NUMBER 13-14-00443-CR
COURT OF APPEALS
THIRTEENTH DISTRICT OF TEXAS
CORPUS CHRISTI - EDINBURG
IN RE HECTOR CAVAZOS JR.
On Petition for Writ of Mandamus.
MEMORANDUM OPINION
Before Justices Rodriguez, Garza, and Benavides
Memorandum Opinion Per Curiam1
Relator, Hector Cavazos Jr., proceeding pro se, has filed a petition for writ of
mandamus seeking to compel the trial court to order relator’s former criminal defense
counsel to turn over relator’s case files.2 This Court previously affirmed relator’s
conviction on direct appeal of two counts of aggravated sexual assault of a child, a first-
1 See TEX. R. APP. P. 52.8(d) (“When denying relief, the court may hand down an opinion but is not
required to do so.”); TEX. R. APP. P. 47.4 (distinguishing opinions and memorandum opinions).
2 Relator also filed a motion for leave to file the petition for writ of mandamus. Relator's motion for
leave to file his petition for writ of mandamus is dismissed as moot. The Texas Rules of Appellate
Procedure no longer require the relator to file a motion for leave to file an original proceeding. See generally
TEX. R. APP. P. 52 & cmt.
degree felony. See Cavazos v. State, No. 13-10-00525-CR, 2011 WL 6917580, at *1
(Tex. App.—Corpus Christi Dec. 29, 2011, no pet.) (mem. op. not designated for
publication).
To be entitled to mandamus relief, relator must establish both that he has no
adequate remedy at law to redress his alleged harm, and that what he seeks to compel
is a ministerial act not involving a discretionary or judicial decision. State ex rel. Young
v. Sixth Jud. Dist. Ct. of App. at Texarkana, 236 S.W.3d 207, 210 (Tex. Crim. App. 2007).

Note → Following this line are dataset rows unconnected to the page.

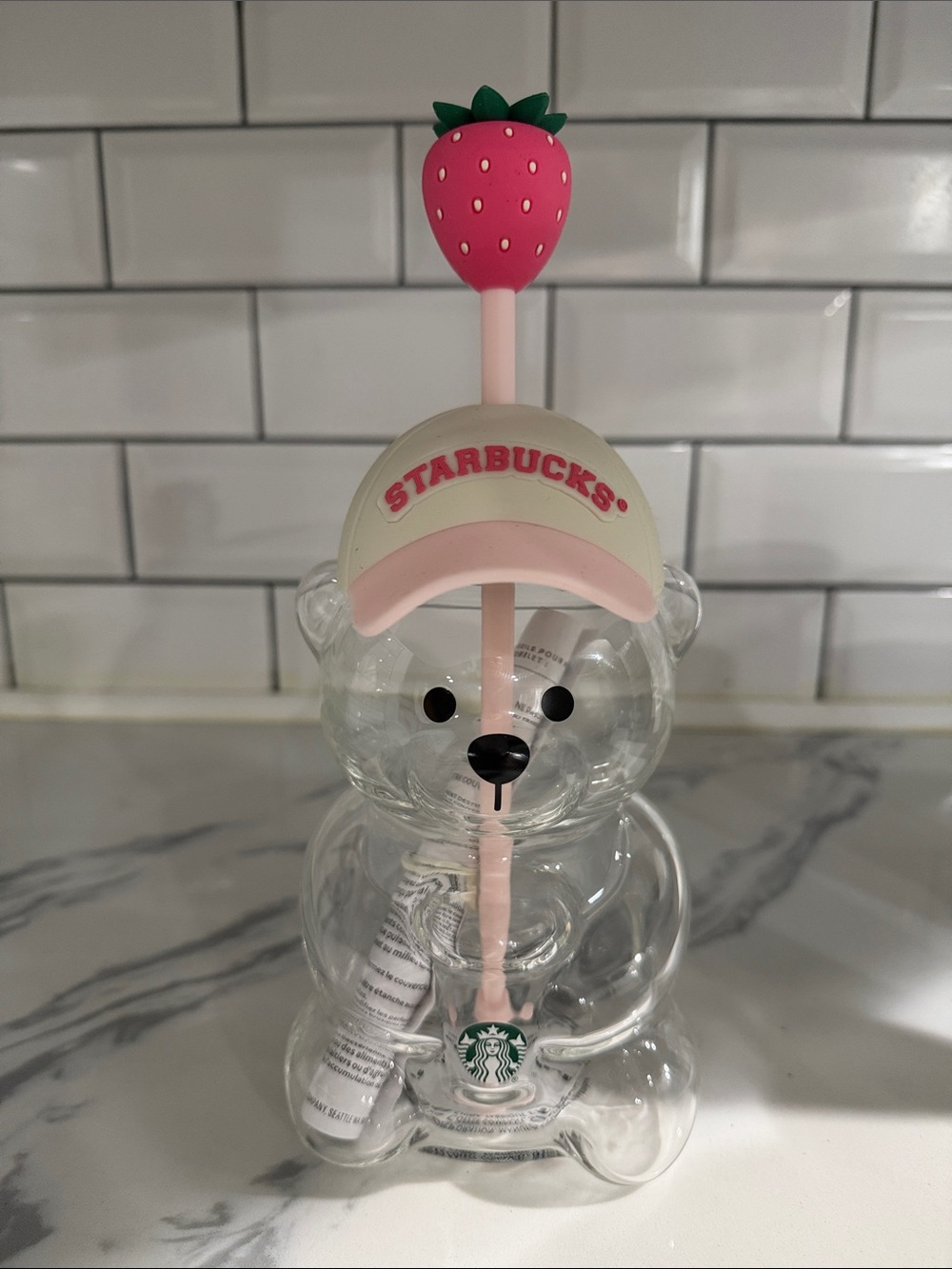 Starbucks Clear Bear Cup with Pink Strawberry Straw and Pink Cap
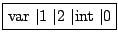 \fbox{var $\vert$1 $\vert$2 $\vert$int $\vert$0}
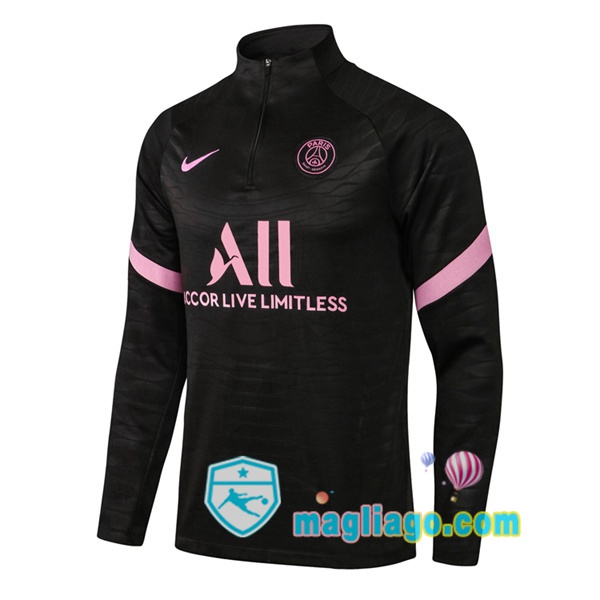 Magliago - Passione Maglie Thai Affidabili Basso Costo Online Shop | Felpa Calcio Paris PSG Nero Rosa 2021/2022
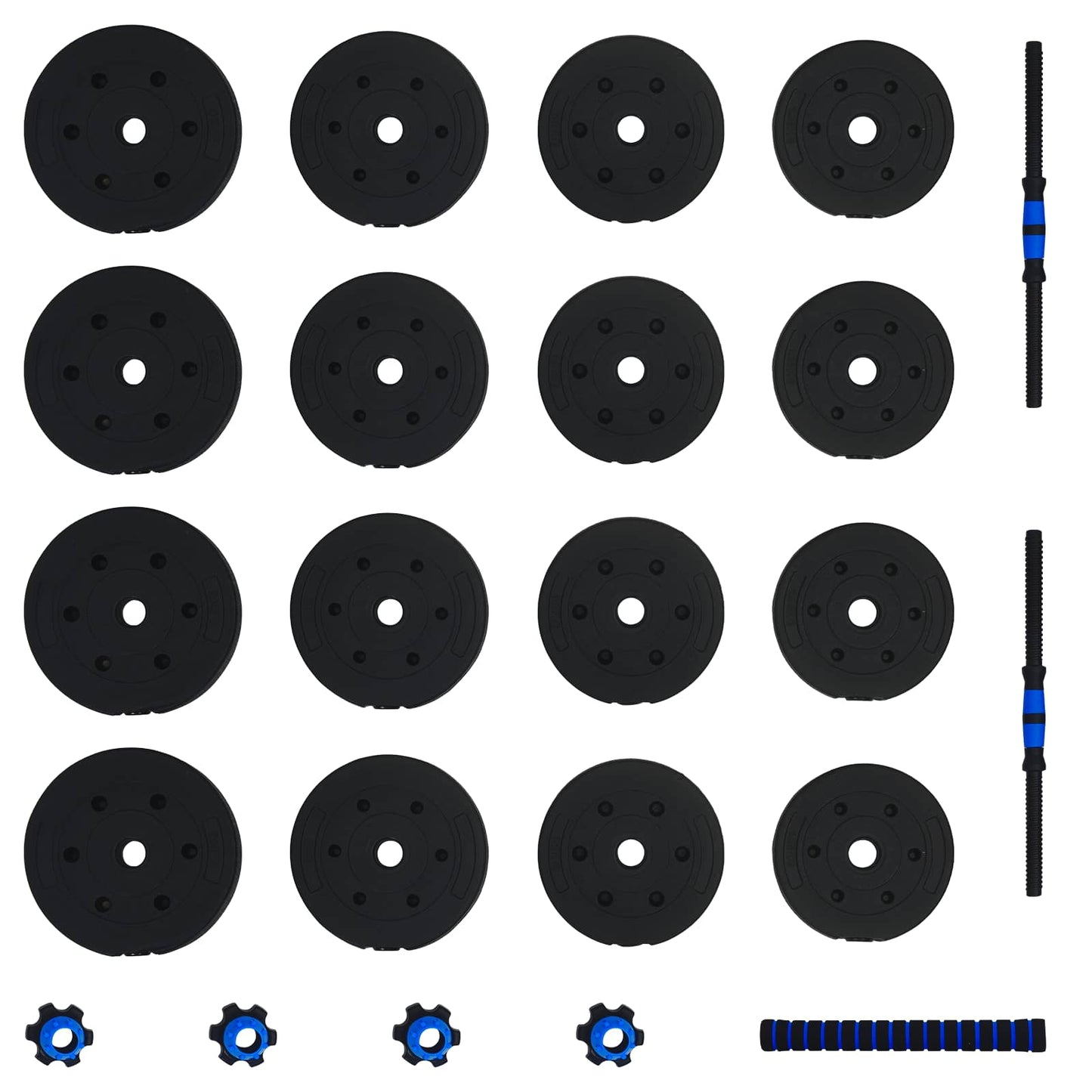 2-in-1 Halter-Barbell Set 30 kg Zwart en Blauw is nu te koop bij PeponiXL, paradijselijk wonen!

If relator fails to meet both of these requirements, then the petition for writ of mandamus
should be denied. See id. It is relator’s burden to properly request and show entitlement
to mandamus relief. Barnes v. State, 832 S.W.2d 424, 426 (Tex. App.—Houston [1st
Dist.] 1992, orig. proceeding) (“Even a pro se applicant for a writ of mandamus must show
himself entitled to the extraordinary relief he seeks.”). In addition to other requirements,
relator must include a statement of facts supported by citations to “competent evidence
included in the appendix or record,” and must also provide “a clear and concise argument
for the contentions made, with appropriate citations to authorities and to the appendix or
record.” See generally TEX. R. APP. P. 52.3. In this regard, it is clear that relator must
furnish an appendix or record sufficient to support the claim for mandamus relief. See id.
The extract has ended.